--- Material for this task ---

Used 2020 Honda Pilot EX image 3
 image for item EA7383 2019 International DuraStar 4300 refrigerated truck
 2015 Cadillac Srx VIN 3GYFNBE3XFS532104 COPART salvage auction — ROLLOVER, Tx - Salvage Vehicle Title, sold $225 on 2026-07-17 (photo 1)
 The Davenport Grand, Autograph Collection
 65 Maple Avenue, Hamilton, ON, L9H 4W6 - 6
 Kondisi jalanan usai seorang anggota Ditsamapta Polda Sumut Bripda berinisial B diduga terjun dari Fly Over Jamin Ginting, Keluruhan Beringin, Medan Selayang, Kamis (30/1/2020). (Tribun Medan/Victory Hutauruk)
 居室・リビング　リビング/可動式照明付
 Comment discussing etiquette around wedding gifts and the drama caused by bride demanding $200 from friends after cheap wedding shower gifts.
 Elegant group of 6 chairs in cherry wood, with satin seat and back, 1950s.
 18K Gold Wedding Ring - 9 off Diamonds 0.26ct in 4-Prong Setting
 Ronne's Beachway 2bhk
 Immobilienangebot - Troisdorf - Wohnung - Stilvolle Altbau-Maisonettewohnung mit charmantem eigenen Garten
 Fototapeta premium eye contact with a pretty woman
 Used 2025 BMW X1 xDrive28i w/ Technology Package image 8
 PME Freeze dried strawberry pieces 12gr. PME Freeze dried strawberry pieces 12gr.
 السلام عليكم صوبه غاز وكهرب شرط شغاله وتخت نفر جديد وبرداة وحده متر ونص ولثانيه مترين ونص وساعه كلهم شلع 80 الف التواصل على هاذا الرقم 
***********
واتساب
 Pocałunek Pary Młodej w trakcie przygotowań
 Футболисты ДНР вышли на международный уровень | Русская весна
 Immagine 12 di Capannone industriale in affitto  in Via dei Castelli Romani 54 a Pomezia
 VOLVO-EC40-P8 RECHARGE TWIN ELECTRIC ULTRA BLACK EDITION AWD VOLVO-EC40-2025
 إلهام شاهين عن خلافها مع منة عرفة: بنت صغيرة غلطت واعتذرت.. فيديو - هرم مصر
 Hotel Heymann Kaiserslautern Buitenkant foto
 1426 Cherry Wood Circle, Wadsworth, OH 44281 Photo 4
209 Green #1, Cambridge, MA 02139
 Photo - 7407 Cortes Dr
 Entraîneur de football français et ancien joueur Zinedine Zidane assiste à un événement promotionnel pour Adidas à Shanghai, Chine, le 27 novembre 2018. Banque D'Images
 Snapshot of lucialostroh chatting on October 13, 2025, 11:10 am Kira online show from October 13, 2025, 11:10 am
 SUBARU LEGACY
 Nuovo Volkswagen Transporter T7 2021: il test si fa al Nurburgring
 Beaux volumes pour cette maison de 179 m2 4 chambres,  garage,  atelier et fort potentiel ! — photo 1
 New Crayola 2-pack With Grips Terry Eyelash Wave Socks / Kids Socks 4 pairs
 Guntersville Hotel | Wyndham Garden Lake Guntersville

---

* **Brief**:
Copy, please, exactly the lines that start at the first line of the data and end at the line containing "65 Maple Avenue, Hamilton, ON, L9H 4W6 - 6", both kept and no others.

* **Response area**:
Used 2020 Honda Pilot EX image 3
 image for item EA7383 2019 International DuraStar 4300 refrigerated truck
 2015 Cadillac Srx VIN 3GYFNBE3XFS532104 COPART salvage auction — ROLLOVER, Tx - Salvage Vehicle Title, sold $225 on 2026-07-17 (photo 1)
 The Davenport Grand, Autograph Collection
 65 Maple Avenue, Hamilton, ON, L9H 4W6 - 6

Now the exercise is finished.